In the picture below, I've drawn the fundamental domain of 3-3-3 triangle group in the right side. if you draw from the center of that fundamental domain three lines perpendicular to it's edges you will obtain an hexagonal grid. The three lines divide the fundamental domain into three regions with a different color each. Therefor, you get a 3 colored hexagonal tiling. This is basically what I used in the fragmentarium script presented here: http://www.fractalforums.com/fragmentarium/triangle-groups-tessellation/ .

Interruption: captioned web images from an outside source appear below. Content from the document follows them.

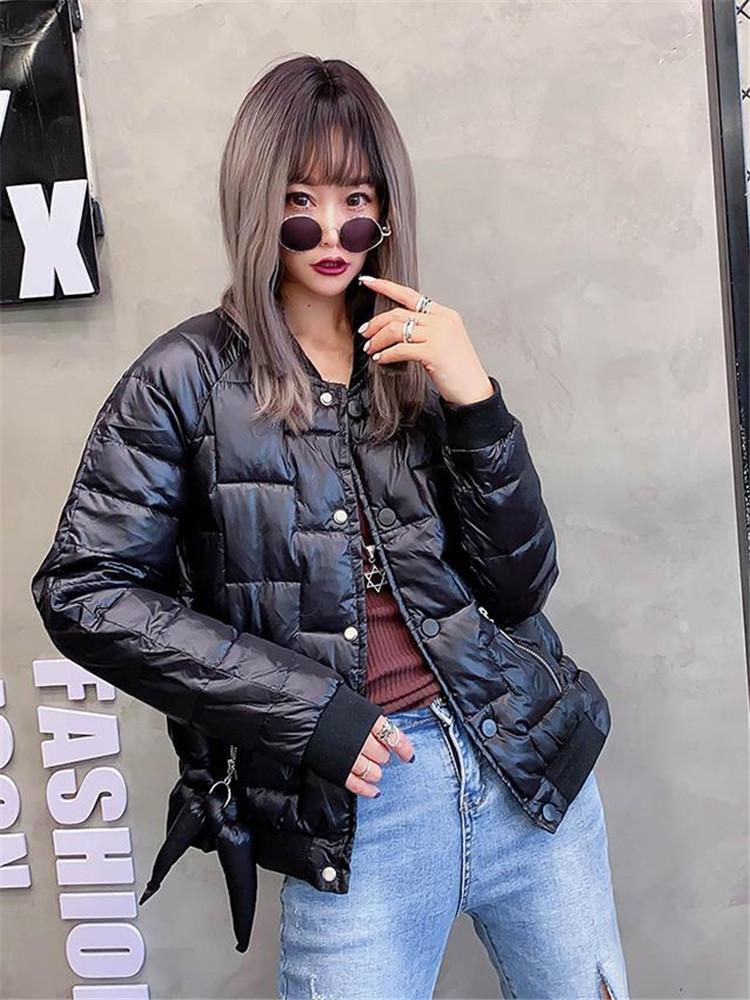 2021 Winter New Cotton Padded Jacket Women's Long Sleeve Stand Up Collar Zippers Fashion Slim Short Cotton Padded Coat, Black
2021 Winter New Cotton Padded Jacket Women's Long Sleeve Stand Up Collar Zippers Fashion Slim Short Cotton Padded Coat, Black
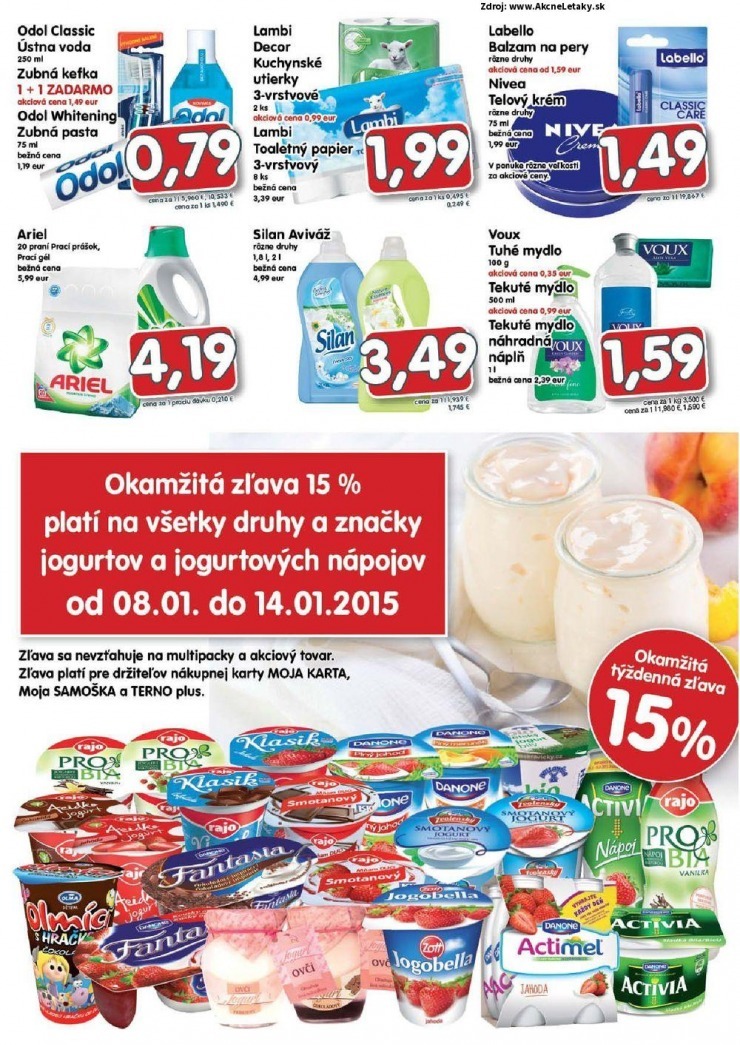 leták TERNO akčná ponuka strana 7 leták TERNO akčná ponuka strana 7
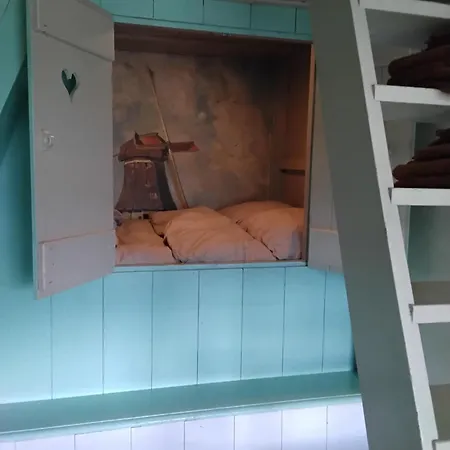Slapen Bij De Molenaar Ferienhaus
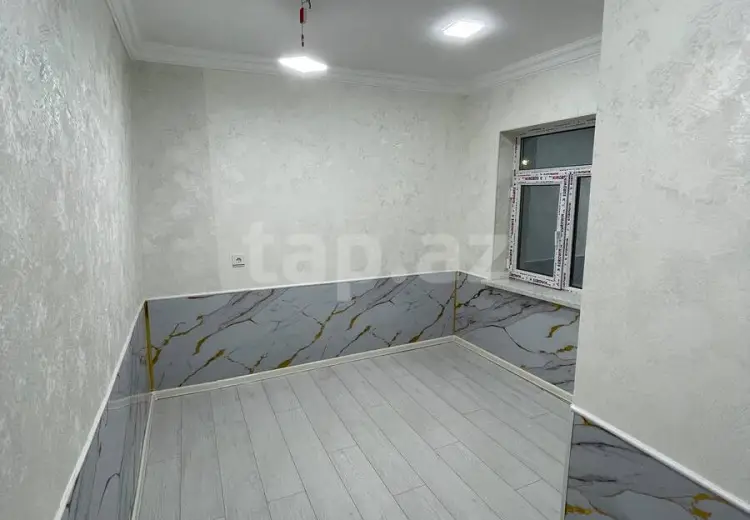 4 otaqlı mənzil , Xırdalan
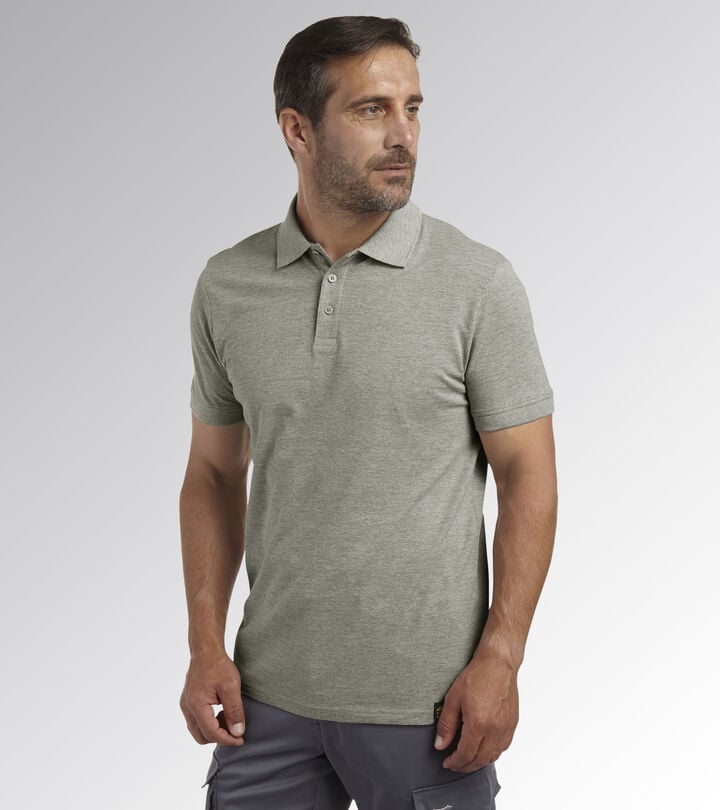 Utility Diadora POLO MC ATLAR ORGANIC Polo manica corta da lavoro Shopping Online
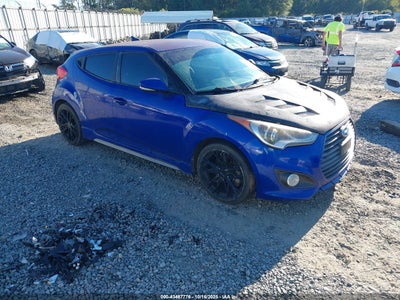 HYUNDAI VELOSTER 2013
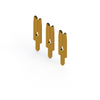 Backplane Connector Contacts - 103-003-251-200-ND - DigiKey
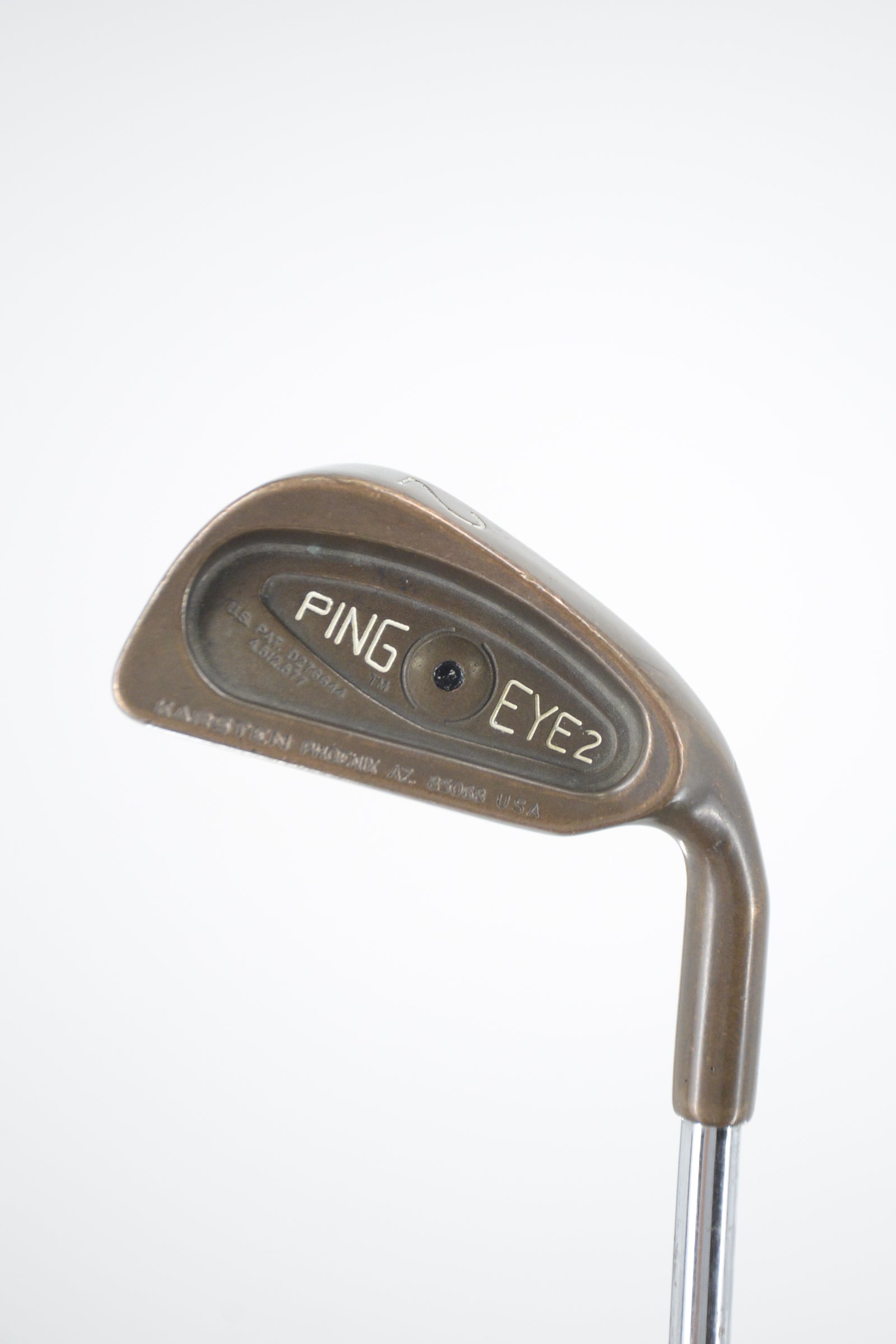 Ping Eye 2 Beryllium Copper 2 Iron R Flex 39.5"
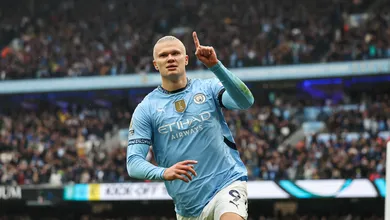 Haaland chega a 100 gols pelo Manchester City; veja o raio-x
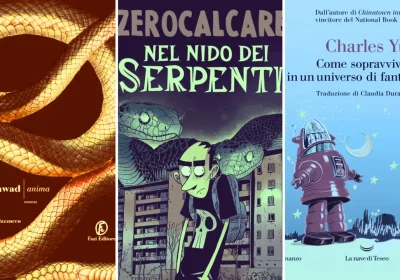 I migliori libri di dicembre 2025 secondo Wired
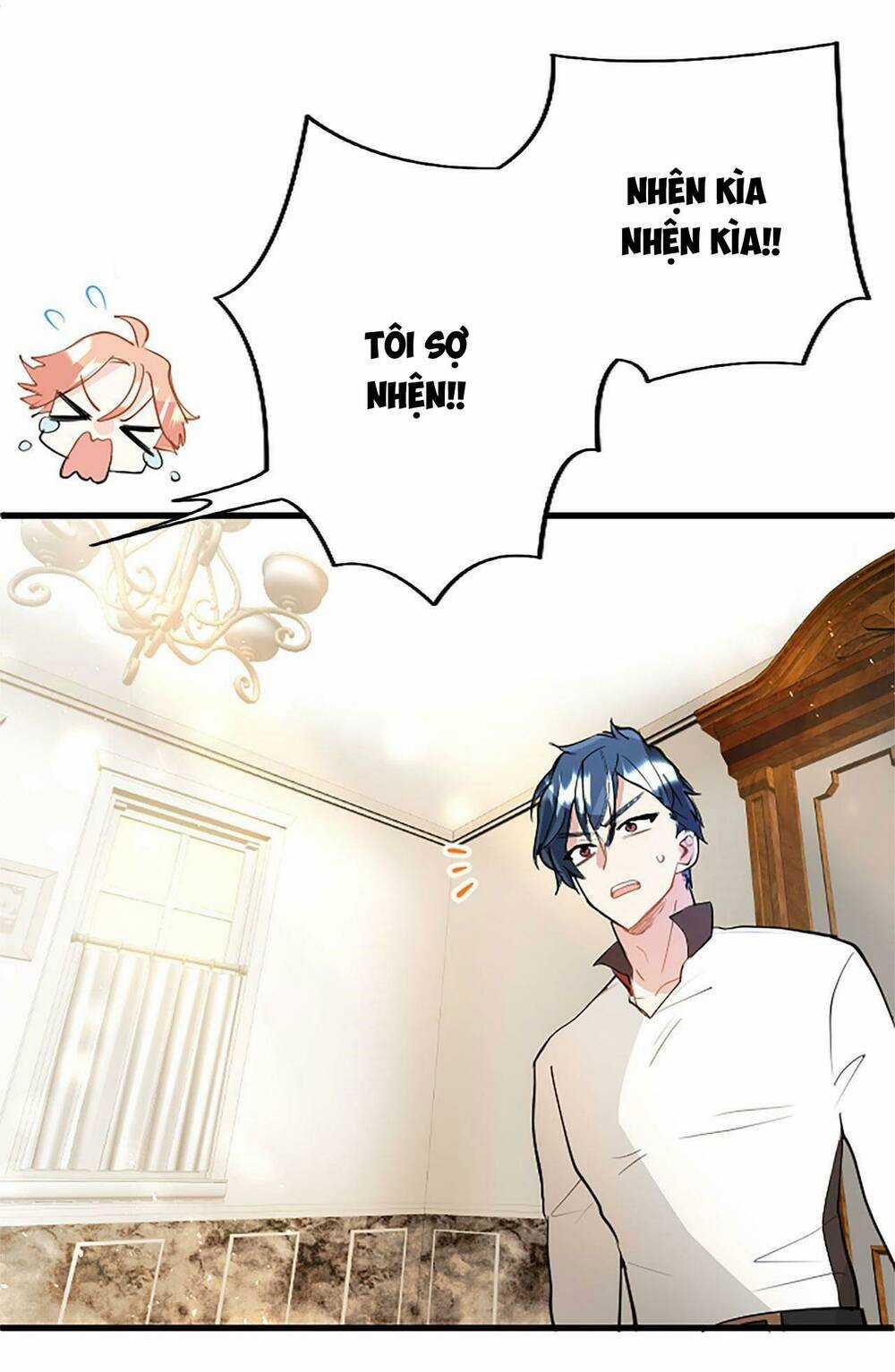 Đại Tiểu Thư Sao Phải Giả Nam Chapter 24 trang 34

The two triangles at the left are the fundamental domain of 2-3-6 triangle group and it's mirror image about the diagonal (I could also have mirrored it about any other two edges). The procedure is to count the number of folding (necessary to go inside the fundamental domain) then give a color dependent on the parity of folding number to the bigger part (the fundamental domain is divided in two parts by the line perpendicular to the diagonal).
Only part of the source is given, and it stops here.